Friday morning video forecast
A subtle shift in wind direction will return us the to “regularly scheduled summer weather programming” by Saturday. At this time though, there are no washouts in the forecast.
Today and Tonight: Onshore flow will allow some humidity to build on Friday afternoon with thermometers making a run for 90 degrees once again. The slow advance of moisture should mean that most stay dry with mostly sunny skies. Overnight will be considerably less comfortable with readings staying in the 70s.
Up Next: By the weekend, enough moisture should be available for daytime warming to force out afternoon showers and thunderstorms with a slightly better chance on Saturday. Father’s Day will not be totally dry around southeast Louisiana and southwest Mississippi but outdoor plans should be in fine shape. A consistent weather pattern will carry through the middle of next week with highs near 91, lows near 74 and isolated to scattered showers and thunderstorms—mainly during the afternoons.
The Tropics: The Gulf of Mexico, Caribbean Sea and Atlantic Ocean are quiet. No tropical development is expected over the next 5 days.

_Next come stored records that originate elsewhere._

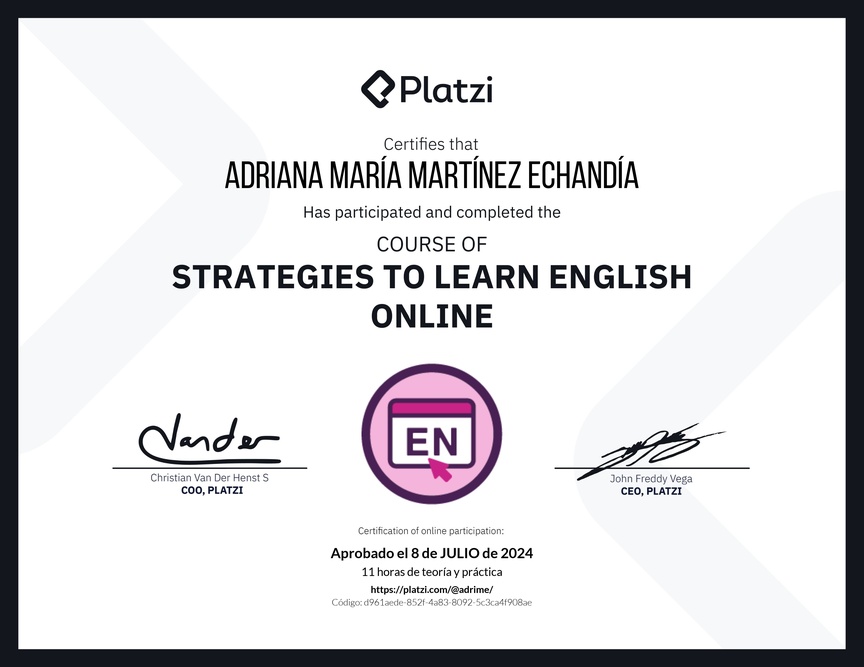 Diploma del Curso Gratis de Estrategias para Aprender Inglés en Línea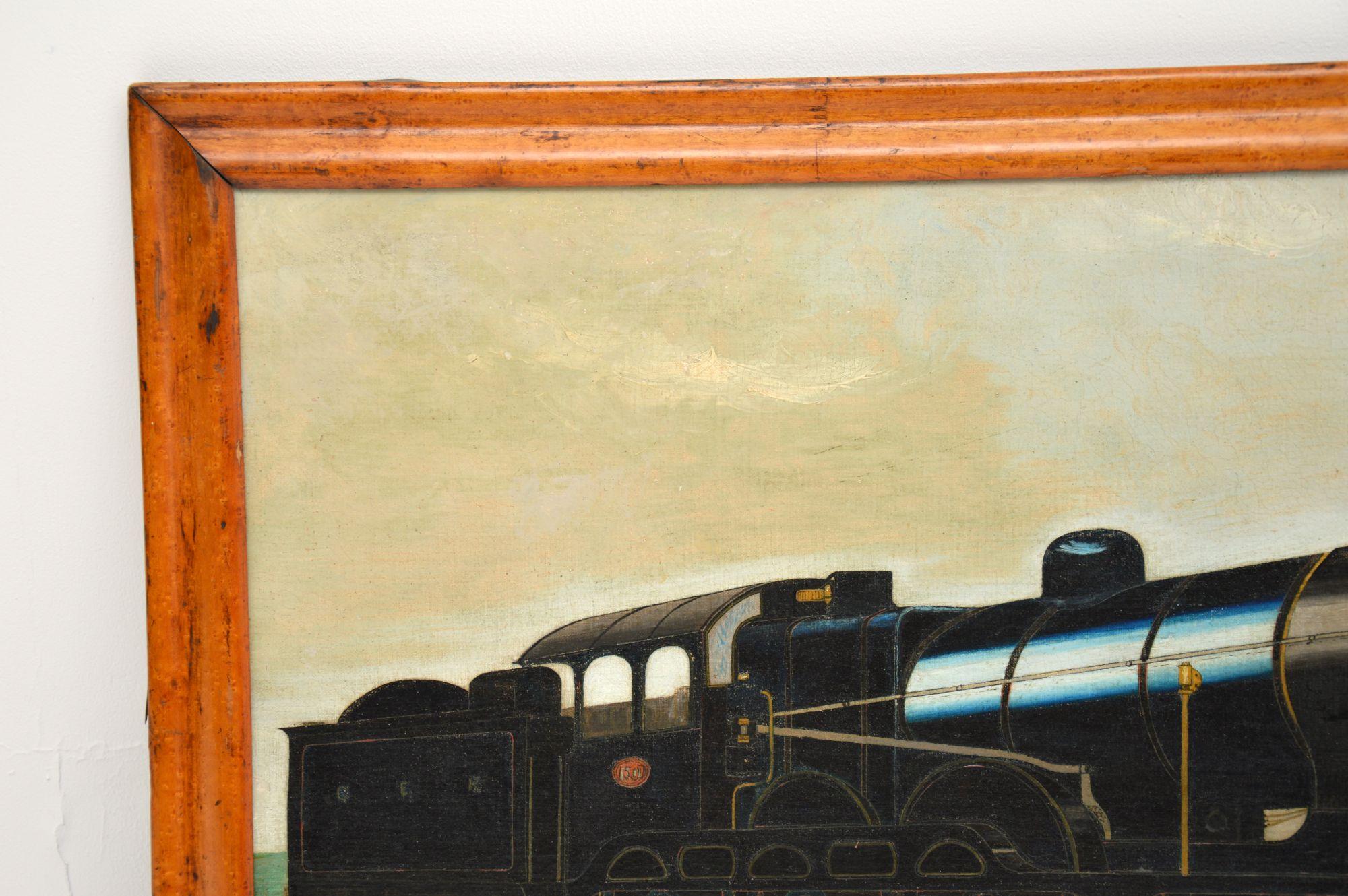 Anglais Peinture à l'huile victorienne ancienne représentant un train à vapeur en vente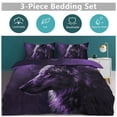 thumbnail image 5 of 3 Pcs Soft Bedding Set, Includes 1 Duvet Cover with Zipper And 2 Pillow,Shams Purple Wolf King(102"×90"), 5 of 8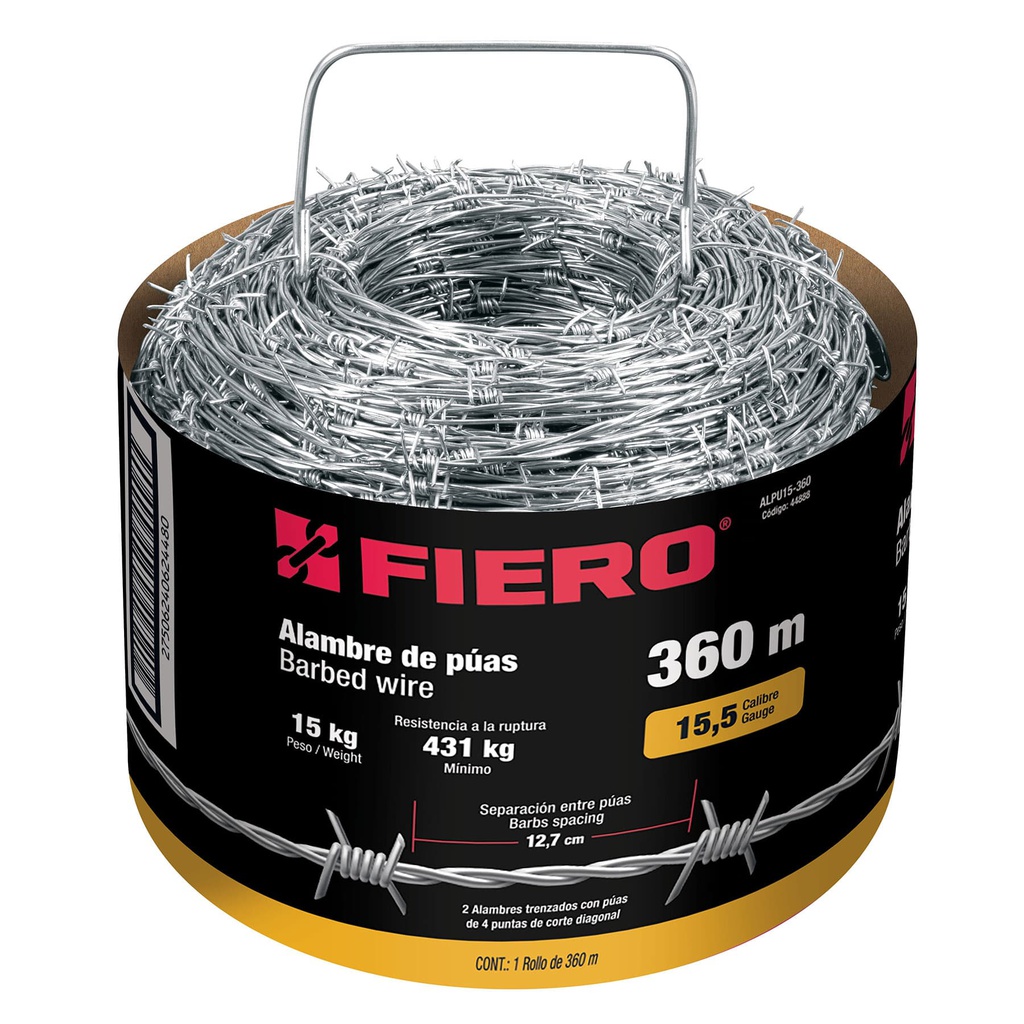 Rollo de alambre de puas de 360 m calibre 15.5, Fiero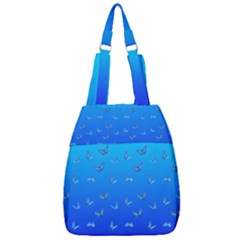 Butterflies At Blue, Two Color Tone Gradient Center Zip Backpack by Casemiro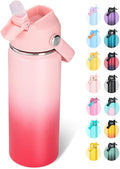 Fijinhom 18oz Insulated Stainless Steel Water Bottle, Wide Mouth Double Wall by Fijinhom
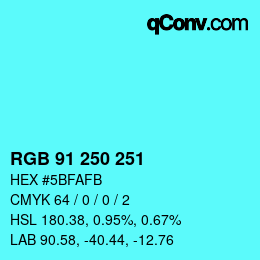 Color code: RGB 91 250 251 | qconv.com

The Mississippi River: At Baton Rouge, major flood stage continues with a level of 43.8’ as of Friday morning. Peaking at 44.1’ on March 19, the river set its 7th highest recorded crest at Baton Rouge. At 160 days, this year marks the longest period above flood stage at Baton Rouge. The current forecast is for the second crest of 44.0’ to occur Monday. The Morganza Spillway opening has been delayed indefinitely and may not be necessary thanks to water levels running lower than originally forecast. On the Mississippi River, the high water will remain an issue for river traffic and river islands, although some inundation will continue for unprotected low-lying areas. The city of Baton Rouge and the main LSU campus are protected by levees up to 47 feet. Some soggy areas and seepage may be noted due to the long duration of high water placing pressure on the levees. As some of the Mississippi River diverts into the Atchafalaya River, gauges at Krotz Springs and Morgan City will stay high as well. This creates backwater flooding in parts of Assumption Parish in areas such as Bayou Chene, Stephensville and around Lake Palourde.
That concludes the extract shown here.